Suppose $\N \models \phi$.
Then $\phi$ is a theorem in minimal arithmetic.
Proof
By definition of $\Sigma_1$, $\phi$ is logically equivalent to:
- $Q_1 Q_2 \dotsm Q_k \map \psi {x_1, x_2, \dotsc, x_k}$
where $\psi$ is a WFF with no quantifiers.
Proceed by induction on the number of quantifiers in the formula.
Basis for the Induction
Let $x_1, x_2, \dotsc, x_k \in \N$ be natural numbers.
Let $\sqbrk x$ denote the unary representation of $x$.
By Quantifier-Free Formula of Arithmetic is Provable:
- $\map \psi {x_1 \gets \sqbrk {x_1}, x_2 \gets \sqbrk {x_2}, \dotsc, x_k \gets \sqbrk {x_k} }$
is a theorem whenever $\N \models \map \psi {\dots}$.
Induction Hypothesis
Let $\psi$ be a WFF with $n$ quantifiers and $k - n$ free variables.
Suppose that, for every $x_1, x_2, \dotsc, x_{k - n} \in \N$ such that:
- $\N \models \map \psi {x_1 \gets \sqbrk {x_1}, x_2 \gets \sqbrk {x_2}, \dotsc, x_{k - n} \gets \sqbrk {x_{k - n} } }$
it follows that:
- $\map \psi {x_1 \gets \sqbrk {x_1} \dotsc, x_{k - n} \gets \sqbrk {x_{k - n} } }$
is a theorem.
Induction Step
Suppose the $k - n$-th quantifier is existential.

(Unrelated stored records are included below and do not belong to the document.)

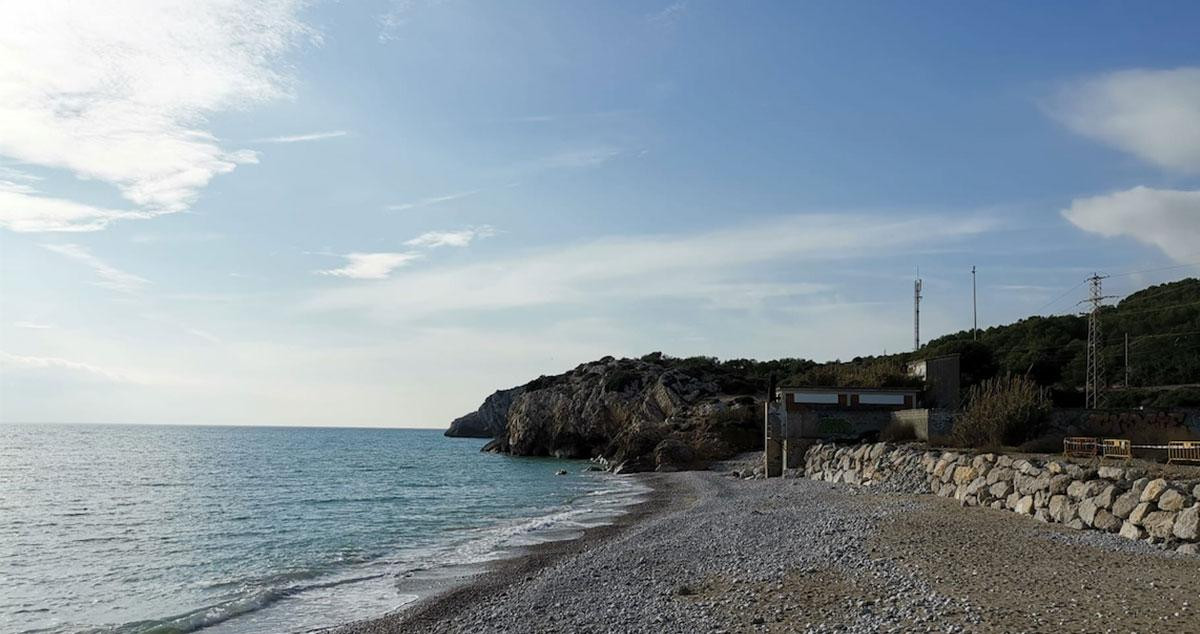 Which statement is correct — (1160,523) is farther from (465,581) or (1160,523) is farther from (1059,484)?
(465,581)

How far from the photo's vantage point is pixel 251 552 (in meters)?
27.1

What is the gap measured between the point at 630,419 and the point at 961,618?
237ft

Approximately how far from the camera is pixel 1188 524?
610 inches

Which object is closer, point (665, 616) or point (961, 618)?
point (961, 618)

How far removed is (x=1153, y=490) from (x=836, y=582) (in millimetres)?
7571

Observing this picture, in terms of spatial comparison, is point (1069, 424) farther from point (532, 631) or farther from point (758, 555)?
point (532, 631)

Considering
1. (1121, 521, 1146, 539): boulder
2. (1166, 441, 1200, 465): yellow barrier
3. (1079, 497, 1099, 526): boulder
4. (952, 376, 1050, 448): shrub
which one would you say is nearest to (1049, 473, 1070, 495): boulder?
(1079, 497, 1099, 526): boulder

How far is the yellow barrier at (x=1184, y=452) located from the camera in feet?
86.0

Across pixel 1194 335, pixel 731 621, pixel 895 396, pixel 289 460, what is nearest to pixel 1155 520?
pixel 731 621

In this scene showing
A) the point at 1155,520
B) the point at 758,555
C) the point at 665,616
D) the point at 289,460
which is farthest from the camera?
the point at 289,460

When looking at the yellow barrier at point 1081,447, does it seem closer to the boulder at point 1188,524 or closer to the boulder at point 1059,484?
the boulder at point 1059,484

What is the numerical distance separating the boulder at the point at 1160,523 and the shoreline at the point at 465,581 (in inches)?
519

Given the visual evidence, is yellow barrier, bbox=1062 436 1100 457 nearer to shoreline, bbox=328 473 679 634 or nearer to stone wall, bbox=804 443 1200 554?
stone wall, bbox=804 443 1200 554

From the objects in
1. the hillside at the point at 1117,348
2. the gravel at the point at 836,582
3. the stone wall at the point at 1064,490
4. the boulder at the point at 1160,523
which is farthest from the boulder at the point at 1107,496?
the hillside at the point at 1117,348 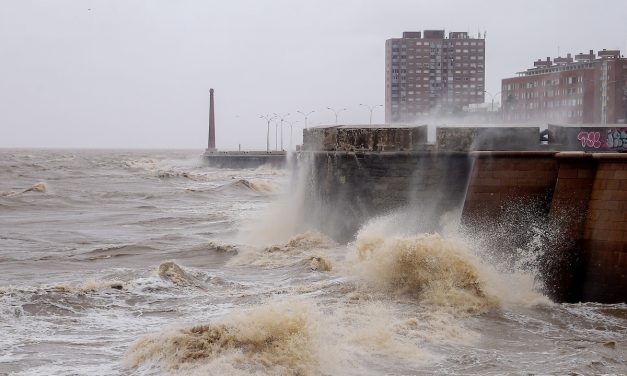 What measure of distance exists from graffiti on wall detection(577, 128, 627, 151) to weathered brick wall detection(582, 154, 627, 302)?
188 inches

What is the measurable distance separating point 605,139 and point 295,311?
9.32 metres

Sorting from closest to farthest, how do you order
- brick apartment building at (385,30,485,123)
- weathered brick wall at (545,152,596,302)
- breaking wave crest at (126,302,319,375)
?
breaking wave crest at (126,302,319,375) < weathered brick wall at (545,152,596,302) < brick apartment building at (385,30,485,123)

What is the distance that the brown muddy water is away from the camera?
7.58 m

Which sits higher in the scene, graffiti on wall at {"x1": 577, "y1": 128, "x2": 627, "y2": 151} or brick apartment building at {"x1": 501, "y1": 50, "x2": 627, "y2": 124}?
brick apartment building at {"x1": 501, "y1": 50, "x2": 627, "y2": 124}

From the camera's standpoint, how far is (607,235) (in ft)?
33.5

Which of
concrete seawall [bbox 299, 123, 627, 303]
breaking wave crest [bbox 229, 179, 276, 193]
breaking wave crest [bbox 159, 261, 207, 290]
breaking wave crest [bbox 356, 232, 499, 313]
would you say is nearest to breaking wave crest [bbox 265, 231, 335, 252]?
concrete seawall [bbox 299, 123, 627, 303]

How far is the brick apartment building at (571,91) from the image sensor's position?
82688 millimetres

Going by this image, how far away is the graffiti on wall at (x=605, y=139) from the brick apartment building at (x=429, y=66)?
119 m

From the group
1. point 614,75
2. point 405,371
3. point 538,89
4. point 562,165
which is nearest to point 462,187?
point 562,165

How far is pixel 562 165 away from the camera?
433 inches

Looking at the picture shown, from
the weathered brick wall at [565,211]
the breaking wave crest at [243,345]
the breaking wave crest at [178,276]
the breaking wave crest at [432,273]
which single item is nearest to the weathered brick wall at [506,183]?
the weathered brick wall at [565,211]

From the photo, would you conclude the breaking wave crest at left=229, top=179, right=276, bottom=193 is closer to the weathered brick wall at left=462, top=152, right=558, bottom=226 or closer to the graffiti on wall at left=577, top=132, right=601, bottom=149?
the graffiti on wall at left=577, top=132, right=601, bottom=149

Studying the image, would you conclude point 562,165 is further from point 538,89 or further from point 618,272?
point 538,89

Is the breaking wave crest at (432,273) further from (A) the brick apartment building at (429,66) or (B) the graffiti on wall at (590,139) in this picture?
(A) the brick apartment building at (429,66) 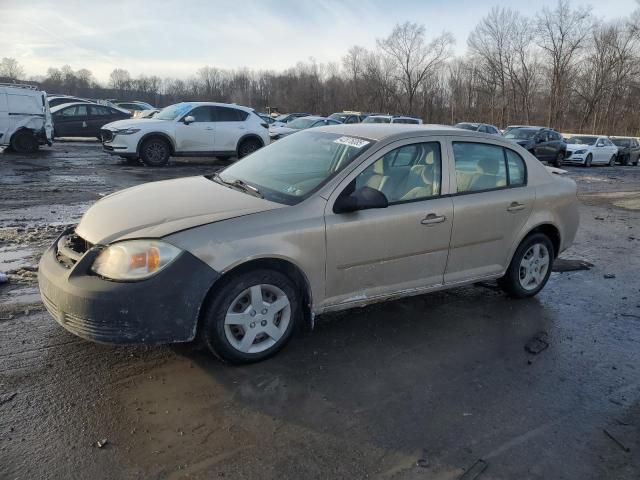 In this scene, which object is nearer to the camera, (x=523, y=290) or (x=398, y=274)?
(x=398, y=274)

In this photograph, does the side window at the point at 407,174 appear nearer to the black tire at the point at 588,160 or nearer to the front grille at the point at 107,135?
the front grille at the point at 107,135

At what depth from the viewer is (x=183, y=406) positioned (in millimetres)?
3166

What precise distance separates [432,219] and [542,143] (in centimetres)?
2151

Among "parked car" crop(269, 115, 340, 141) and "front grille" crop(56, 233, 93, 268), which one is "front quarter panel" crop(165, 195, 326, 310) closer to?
"front grille" crop(56, 233, 93, 268)

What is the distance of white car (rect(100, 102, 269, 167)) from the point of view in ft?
46.5

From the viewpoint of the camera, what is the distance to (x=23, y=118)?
1567 centimetres

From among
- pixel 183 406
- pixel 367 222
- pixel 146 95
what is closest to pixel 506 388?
pixel 367 222

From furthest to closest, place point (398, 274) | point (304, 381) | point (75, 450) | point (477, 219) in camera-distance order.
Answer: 1. point (477, 219)
2. point (398, 274)
3. point (304, 381)
4. point (75, 450)

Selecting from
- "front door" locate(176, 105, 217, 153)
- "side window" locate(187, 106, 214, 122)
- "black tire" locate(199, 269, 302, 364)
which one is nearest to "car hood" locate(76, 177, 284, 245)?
"black tire" locate(199, 269, 302, 364)

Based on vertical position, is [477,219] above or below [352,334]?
above

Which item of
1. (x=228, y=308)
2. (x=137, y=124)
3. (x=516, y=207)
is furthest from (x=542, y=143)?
(x=228, y=308)

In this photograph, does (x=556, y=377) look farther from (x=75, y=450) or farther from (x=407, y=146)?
(x=75, y=450)

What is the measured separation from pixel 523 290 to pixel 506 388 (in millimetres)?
1920

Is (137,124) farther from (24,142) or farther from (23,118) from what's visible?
(24,142) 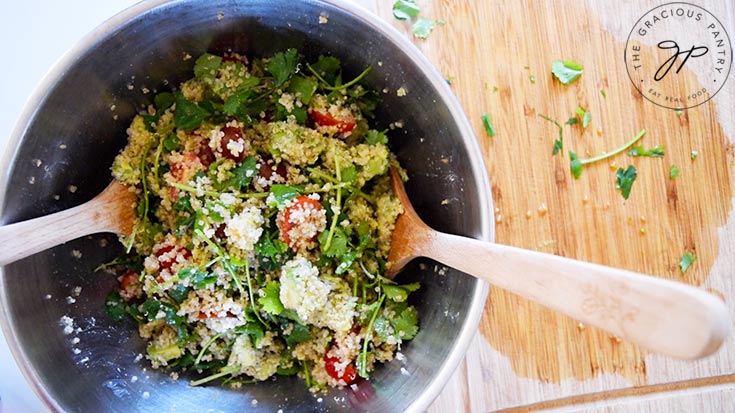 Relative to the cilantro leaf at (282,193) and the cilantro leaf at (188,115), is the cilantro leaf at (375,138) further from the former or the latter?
the cilantro leaf at (188,115)

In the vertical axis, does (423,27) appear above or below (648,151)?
above

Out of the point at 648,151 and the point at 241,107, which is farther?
the point at 648,151

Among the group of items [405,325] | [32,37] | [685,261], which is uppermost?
[32,37]

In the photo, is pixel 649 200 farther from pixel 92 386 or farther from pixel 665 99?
pixel 92 386

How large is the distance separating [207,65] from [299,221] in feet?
1.21

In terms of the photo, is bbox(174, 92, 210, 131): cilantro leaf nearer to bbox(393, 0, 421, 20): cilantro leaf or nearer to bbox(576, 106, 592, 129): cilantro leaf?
bbox(393, 0, 421, 20): cilantro leaf

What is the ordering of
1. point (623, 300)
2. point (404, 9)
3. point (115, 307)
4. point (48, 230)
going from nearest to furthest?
point (623, 300)
point (48, 230)
point (115, 307)
point (404, 9)

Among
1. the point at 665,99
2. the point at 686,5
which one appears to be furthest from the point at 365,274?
the point at 686,5

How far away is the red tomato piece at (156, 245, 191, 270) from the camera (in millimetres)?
1322

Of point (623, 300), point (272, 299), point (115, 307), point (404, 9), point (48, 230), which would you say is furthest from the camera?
point (404, 9)

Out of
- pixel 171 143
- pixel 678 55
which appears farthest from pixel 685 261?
pixel 171 143

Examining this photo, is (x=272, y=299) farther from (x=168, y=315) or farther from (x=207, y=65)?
(x=207, y=65)

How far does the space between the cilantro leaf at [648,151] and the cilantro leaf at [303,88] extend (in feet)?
2.55

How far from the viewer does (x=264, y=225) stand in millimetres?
1311
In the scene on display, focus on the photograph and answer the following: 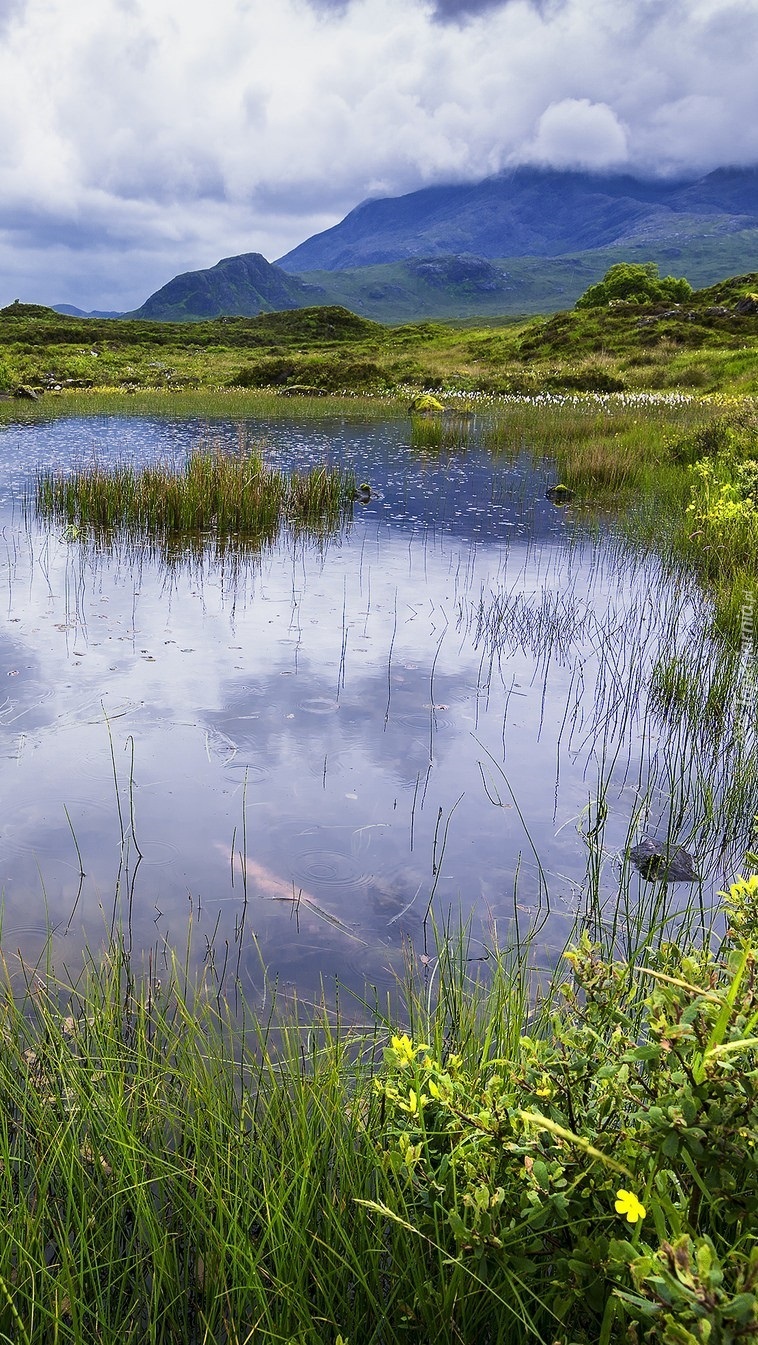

The step follows from Existential Quantification of Provable Arithmetic Formula is Provable.
Suppose instead that the $k - n$th quantifier is bounded universal.
The step follows from Bounded Universal Quantification of Provable Arithmetic Formula is Provable.
$\Box$
By Principle of Mathematical Induction, the statement holds in particular for $n = k$.
That is, when there are no free variables, and every quantifier has been considered.
$\blacksquare$